Une enquête publiée mardi menée conjointement à Paris par le CNRS et l’Open Society Institute a montré que les policiers français effectuent des contrôles d’identité en fonction de l’ethnicité et des vêtements des passants. Plus de 500 opérations de contrôle ont été observées pour l’étude. Pour la première fois, il a été scientifiquement prouvé que la police contrôle plus fréquemment les « Noirs » et les « Arabes ».
La police française contrôle plus fréquemment les minorités visibles. Tel est le constat de l’Open Society Institute, un institut de recherche américain sur la police, et du Centre national de la recherche scientifique (CNRS) dans une étude intitulée police et minorités visibles : les contrôles d’identité à Paris publiée hier. Entre octobre 2007 et mai 2008, des observateurs se sont placés sur cinq sites parisiens autour de la gare du Nord et de Châtelet. Ils ont d’abord identifié la population disponible en recensant l’âge, le sexe, l’origine, les vêtements et la taille du sac (dans le cadre du plan Vigipirate) des passants. 525 contrôles de police ont ensuite été observés selon les mêmes critères. Il en ressort que les personnes perçues comme « noires » ou « arabes » ont entre 1,8 et 14,8 fois plus de risques d’être contrôlés que les « blancs ». Les chiffres varient en fonction des sites étudiés. De même, les individus habillés dans un style jeune (hip hop, tecktonik, punk…) sont plus susceptibles d’être contrôlés : ils représentent 10% de la population disponible mais ont été 47% à se faire contrôler pendant l’enquête. Deux tiers d’entre eux sont issus de minorités visibles. L’étude montre à travers des chiffres que la police française se base plus sur l’apparence que sur les comportements des passants dont elle vérifie l’identité. Il semble que les policiers considèrent que les délits sont plus souvent commis par des personnes issus de minorités visibles ou portant des vêtements jeunes, ce qui les encourage à effectuer des contrôles d’identité.

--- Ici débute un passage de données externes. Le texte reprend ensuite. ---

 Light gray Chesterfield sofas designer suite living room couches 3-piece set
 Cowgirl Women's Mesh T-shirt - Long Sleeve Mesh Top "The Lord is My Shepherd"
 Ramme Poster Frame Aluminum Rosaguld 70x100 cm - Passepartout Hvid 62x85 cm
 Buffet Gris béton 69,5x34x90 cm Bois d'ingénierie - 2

Les observateurs ont également essayé de s’entretenir avec les passants contrôlés par la police pour connaître leur sentiment. La majorité d’entre eux estiment que les policiers ont eu un comportement neutre et poli. Seuls 3% des passants interrogés considèrent être victimes d’un traitement raciste ou insultant. Mais à la question de savoir quel effet ce contrôle avait produit, les personnes issues de la diversité ont exprimé un sentiment plus négatif que les blancs, sans doute à cause de contrôles plus fréquents auprès des premiers. Ce n’est donc pas tant l’attitude des policiers que la fréquence des opérations de contrôle qui agace.

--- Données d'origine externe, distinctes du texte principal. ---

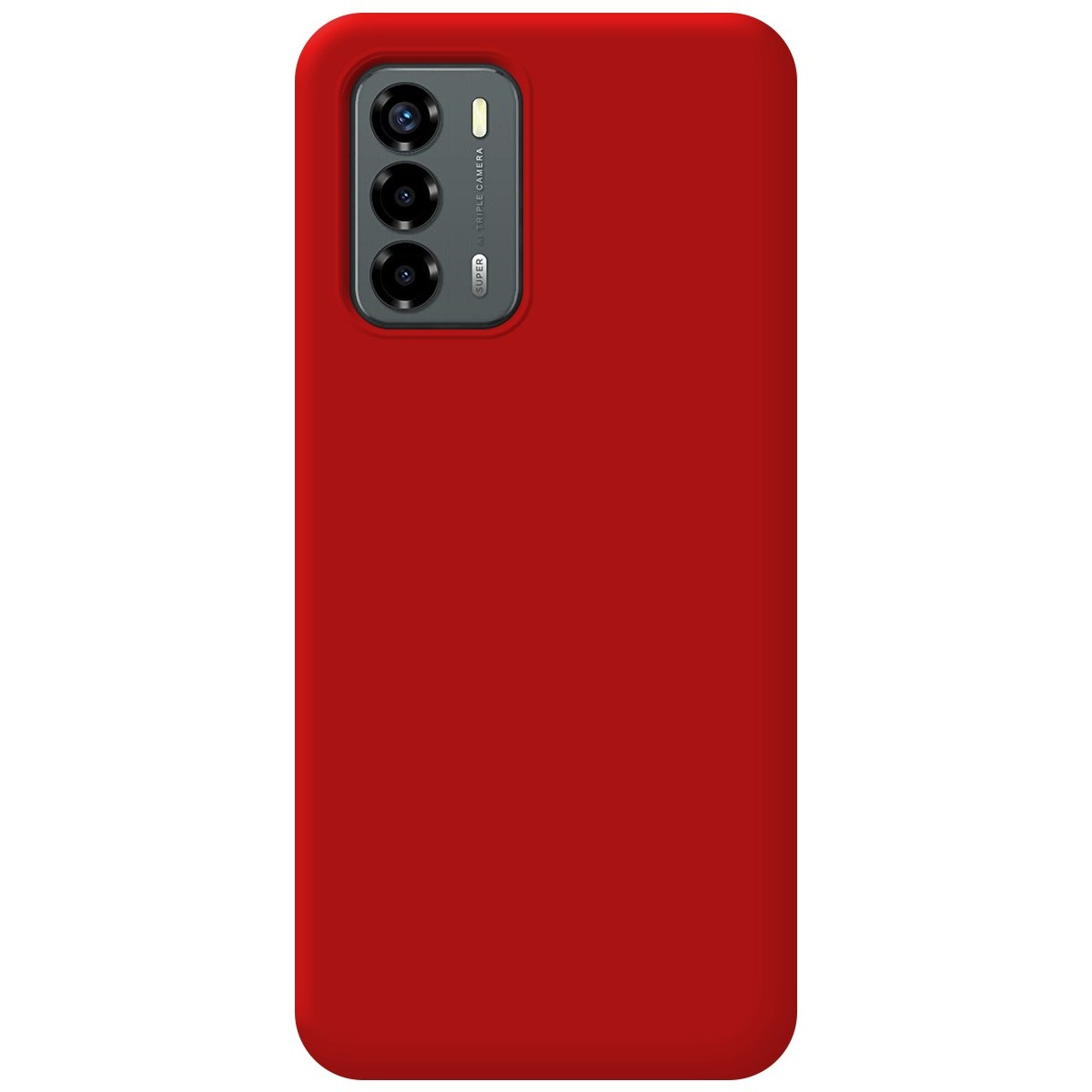 Una custodia per telefono rossa. Il retro ha una fotocamera.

Une enquête qui appelle à prendre des mesures
Les auteurs de l’étude mettent en avant plusieurs problèmes qui découlent de cette situation. D’abord, la police ne respecte pas la législation française anti-discrimination, ni les normes européennes des droits de l’homme qui interdisent les discriminations fondées sur l’apparence sans justification objective. Les chercheurs considèrent aussi que les contrôles au faciès détériorent la confiance entre public et police. Ils créent un sentiment de méfiance qui peut mener à des débordements telles que les émeutes qui se sont déroulées en 2005 et 2007 dans les banlieues.

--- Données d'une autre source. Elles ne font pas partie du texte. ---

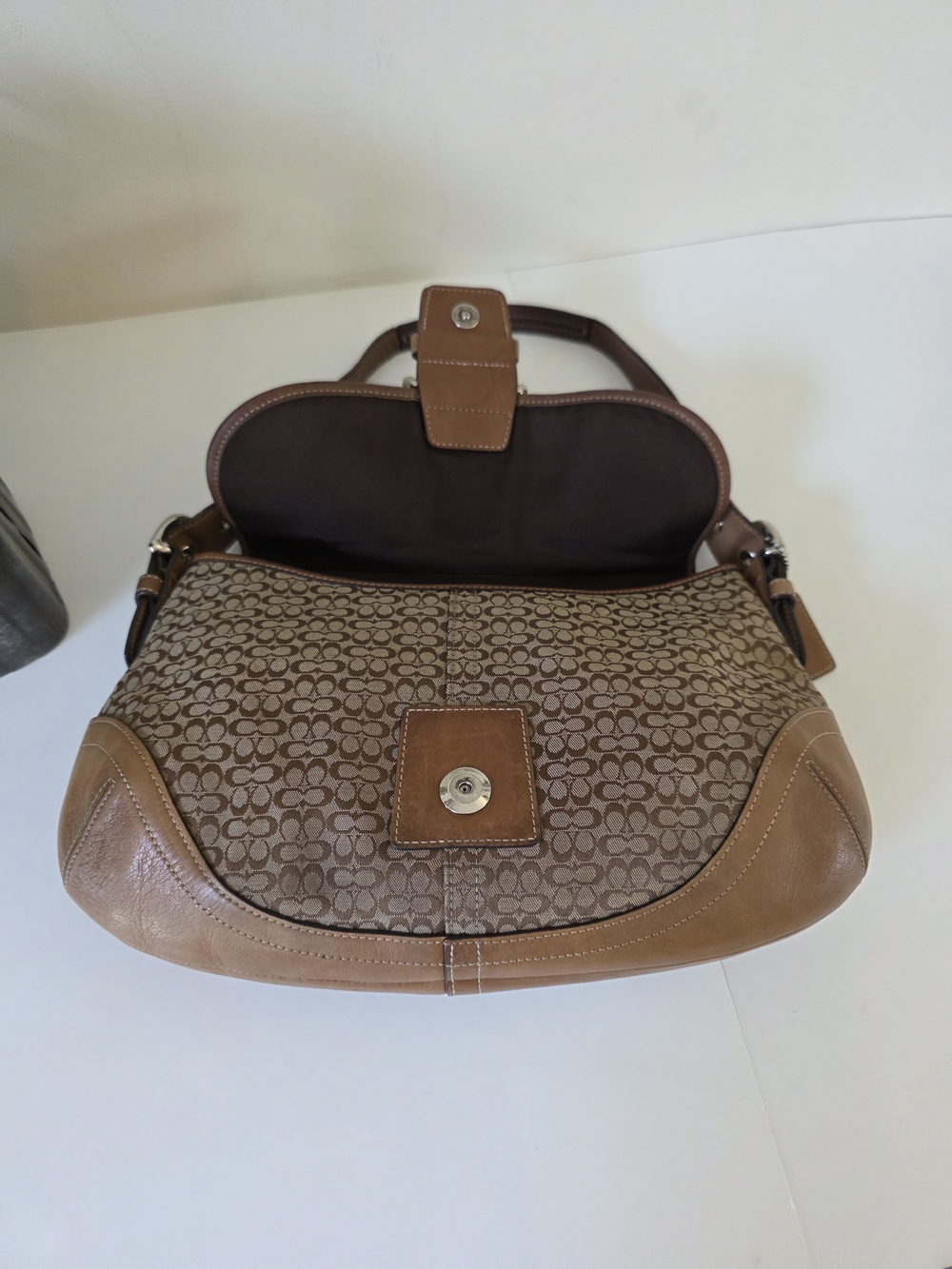 Coach Soho Signature Large Flap Shoulder Bag Brown Jacquard Canvas Leather Trim - Picture 10 of 16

Des recommandations sont également faites aux autorités publiques et policières. Les auteurs les invitent à reconnaître publiquement que le contrôle au faciès existe et qu’il pose problème. Ils suggèrent de modifier un article du code de procédure pénale afin d’interdire la discrimination raciale dans les actions policières. Enfin, il est également proposé d’établir un formulaire rempli systématiquement lors des contrôles d’identité. Y seraient inscrits l’apparence raciale de la personne contrôlée ainsi que les motifs et les résultats de l’opération. Ceci devrait permettre de vérifier l’efficacité et l’impartialité de la police et d’établir des statistiques anonymes. Mais, au même moment, 22 chercheurs rassemblés au sein de la Commission alternative de réflexions sur les « statistiques ethniques » et les discriminations (Carsed) présentaient leur premier ouvrage, Le Retour de la race ((éd. de L’Aube). Ils répondent aux travaux du Comité pour la mesure et l’évaluation de la diversité et des discriminations (Comedd) mis en place par le gouvernement pour mesurer la diversité et les discriminations. La Carsed craint « la racialisation de la société française » et propose des alternatives aux statistiques ethniques. La mesure des discriminations est un sujet sensible en France. Mais tout le monde s’accorde à dire que des mesures sont nécessaires.